| What you need to do |
Pictures in the records below must be left out. Return exactly the lines from the line with "By following this" to the line with "Hi. In this", both included.

-- Input data follows --

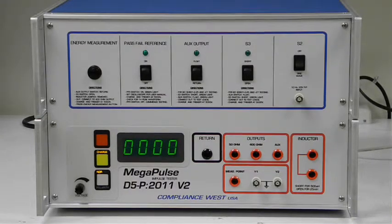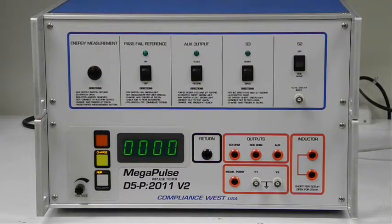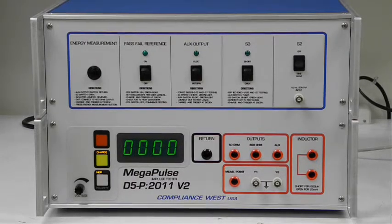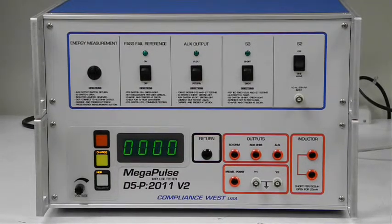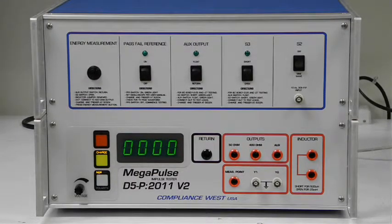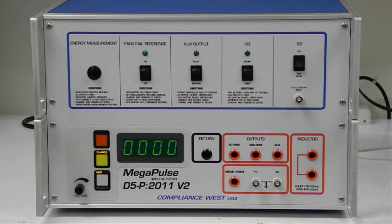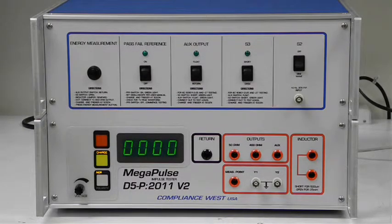The 100 ohm resistor is internal to the D5P 2011 V2, so this test is conducted by removing the connections to the 400 ohm and ground connectors on the front panel.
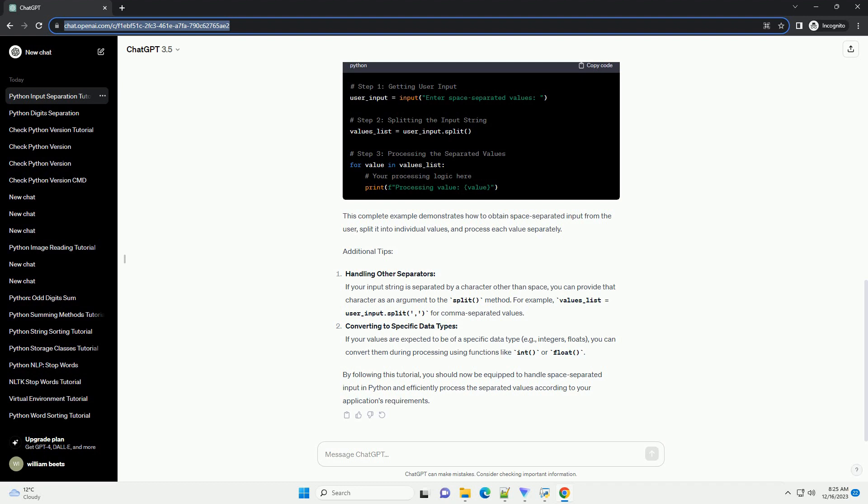By following this tutorial, you should now be equipped to handle space-separated input in Python and efficiently process the separated values according to your application's requirements.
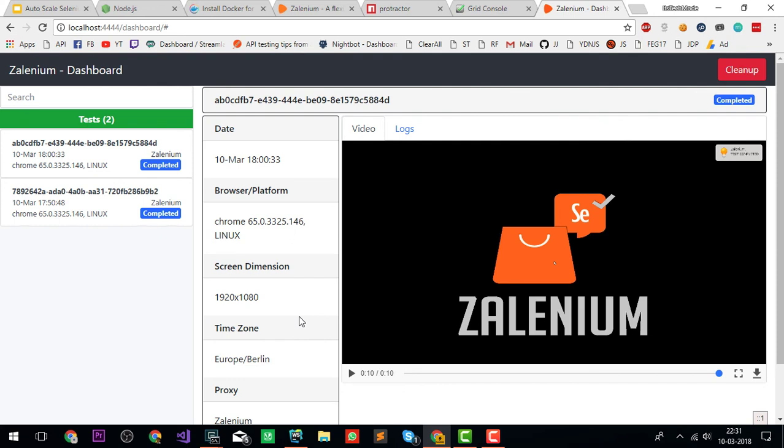In the next tutorial, we'll explore more about Zalenium. If you have any doubt, you can contact me directly on the YouTube channel. See you in the next video. If you like this content, please share your thoughts. If you have any issues, just comment down below and I'll definitely reply to you. Thanks a lot guys, and see you in the next one.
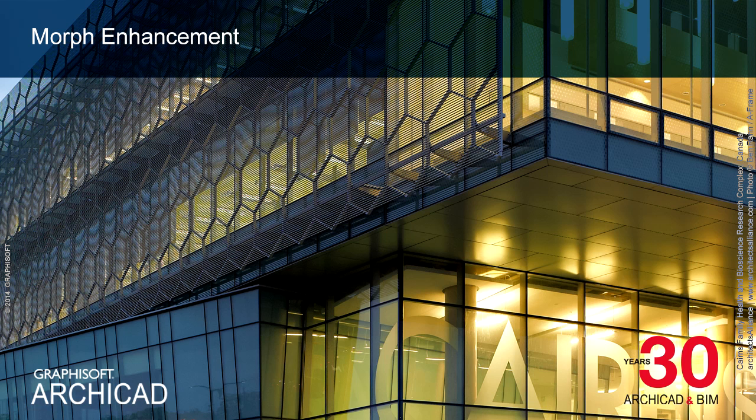This clip will introduce you to the new Morph enhancement. Using this option, the Morph's 2D display can be identical to 3D.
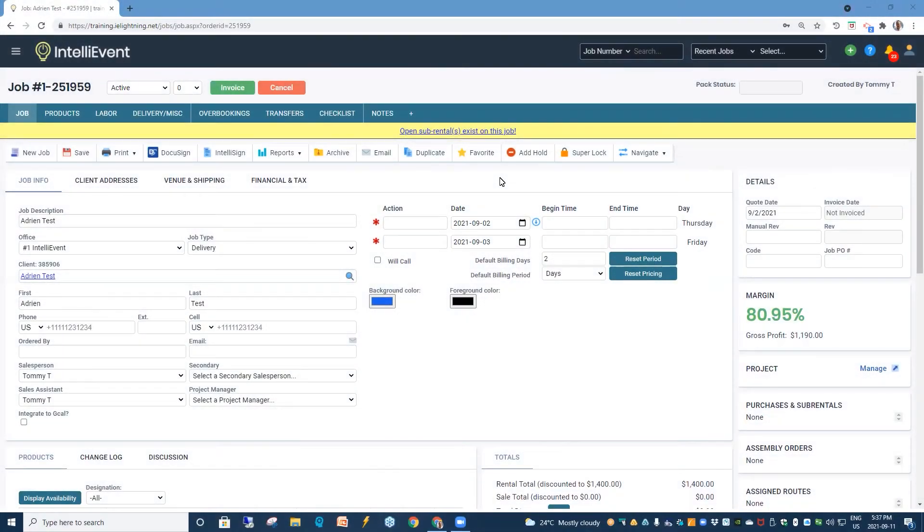Hi. In this tutorial, we'll be covering Lightning's Gantt Calendar Views.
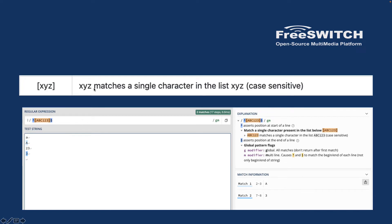Next is the character class `[XYZ]`, which matches any single character in the list. It is case sensitive. For example, `[ABC123]` means it matches any single character that is A, B, C, 1, 2, or 3. So capital 'A' is matched and '3' is matched, but lowercase 'a' won't match because it is case sensitive, and '23' won't match because it is two characters — the bracket matches just one character at a time.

-- Input data concluded --

| Exercise result |
By following this tutorial, you should now be equipped to handle space-separated input in Python and efficiently process the separated values according to your application's requirements.
In the next tutorial, we'll explore more about Zalenium. If you have any doubt, you can contact me directly on the YouTube channel. See you in the next video. If you like this content, please share your thoughts. If you have any issues, just comment down below and I'll definitely reply to you. Thanks a lot guys, and see you in the next one.
This clip will introduce you to the new Morph enhancement. Using this option, the Morph's 2D display can be identical to 3D.
Hi. In this tutorial, we'll be covering Lightning's Gantt Calendar Views.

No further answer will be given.